(Given information):
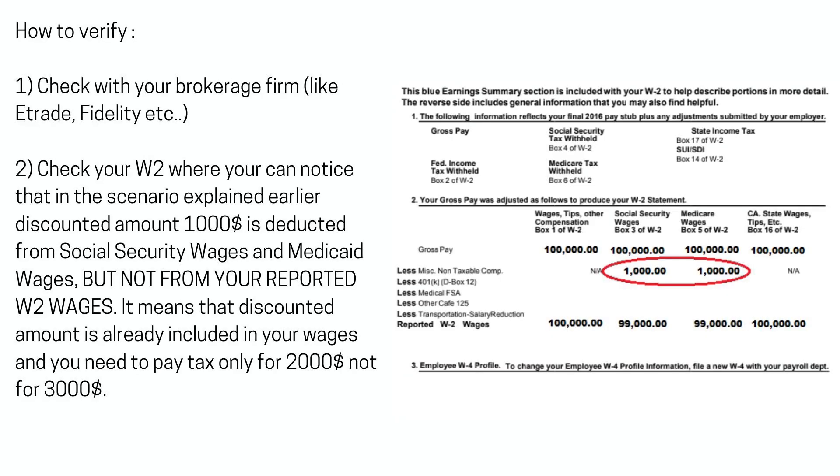How to verify? Check with your brokerage firm, like E-Trade, Fidelity, etc. Check your W-2 — you can notice that in the scenario explained earlier, the discounted amount of $1,000 is deducted from Social Security wages and Medicare wages, but not from your reported W-2 wages. This means the discounted amount is already included in your wages, and you need to pay tax only for $2,000, not $3,000.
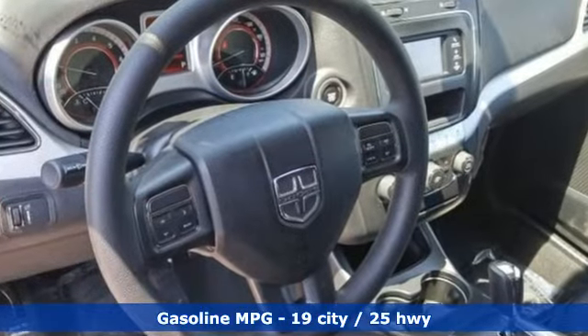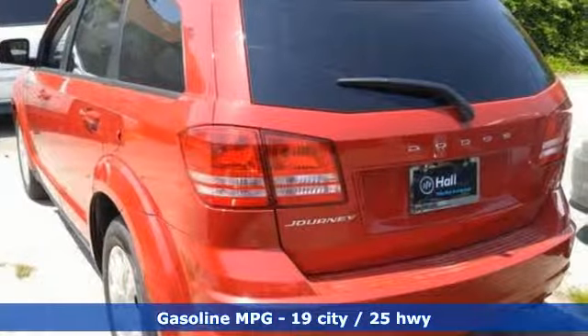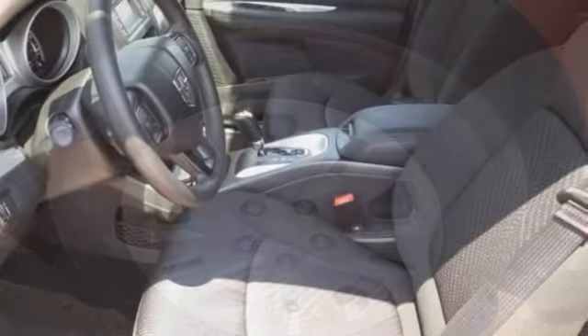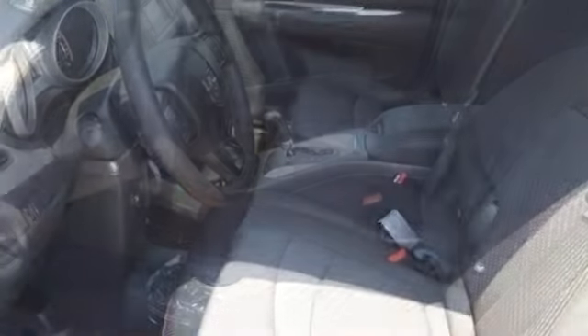Inline 4-cylinder engine, dual zone climate control, external memory control, auto dimming rear view mirror, manual tilting steering column, doors and push button start proximity key, touch screen display, four 12-volt power outlets and power heated mirrors.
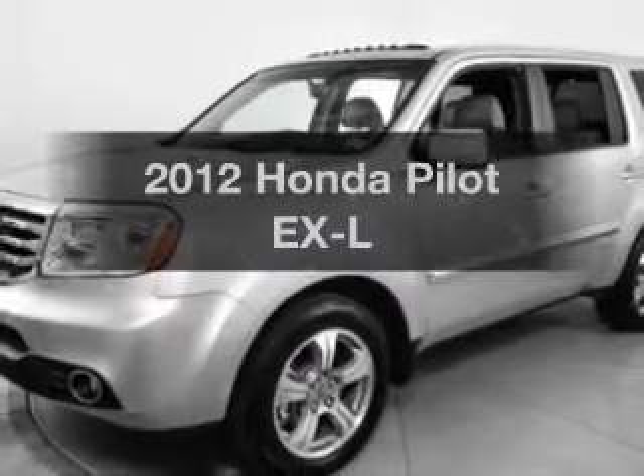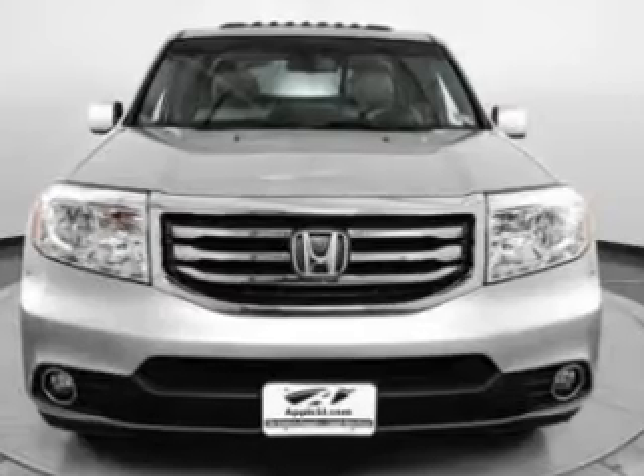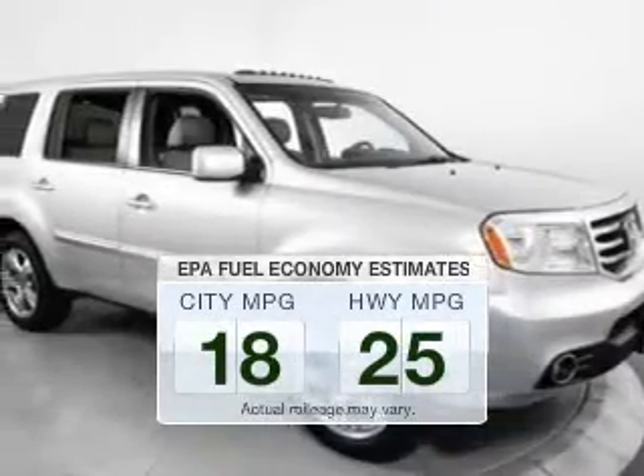Presenting the 2012 Honda Pilot. Travel the roads in style and comfort in this great vehicle. In the city or on the highway, you'll spend less time at the pump with this fuel-efficient vehicle.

(About this task):
With the pictures set aside, write out the whole listing exactly.

(Exercise response):
How to verify? Check with your brokerage firm, like E-Trade, Fidelity, etc. Check your W-2 — you can notice that in the scenario explained earlier, the discounted amount of $1,000 is deducted from Social Security wages and Medicare wages, but not from your reported W-2 wages. This means the discounted amount is already included in your wages, and you need to pay tax only for $2,000, not $3,000.
Inline 4-cylinder engine, dual zone climate control, external memory control, auto dimming rear view mirror, manual tilting steering column, doors and push button start proximity key, touch screen display, four 12-volt power outlets and power heated mirrors.
Presenting the 2012 Honda Pilot. Travel the roads in style and comfort in this great vehicle. In the city or on the highway, you'll spend less time at the pump with this fuel-efficient vehicle.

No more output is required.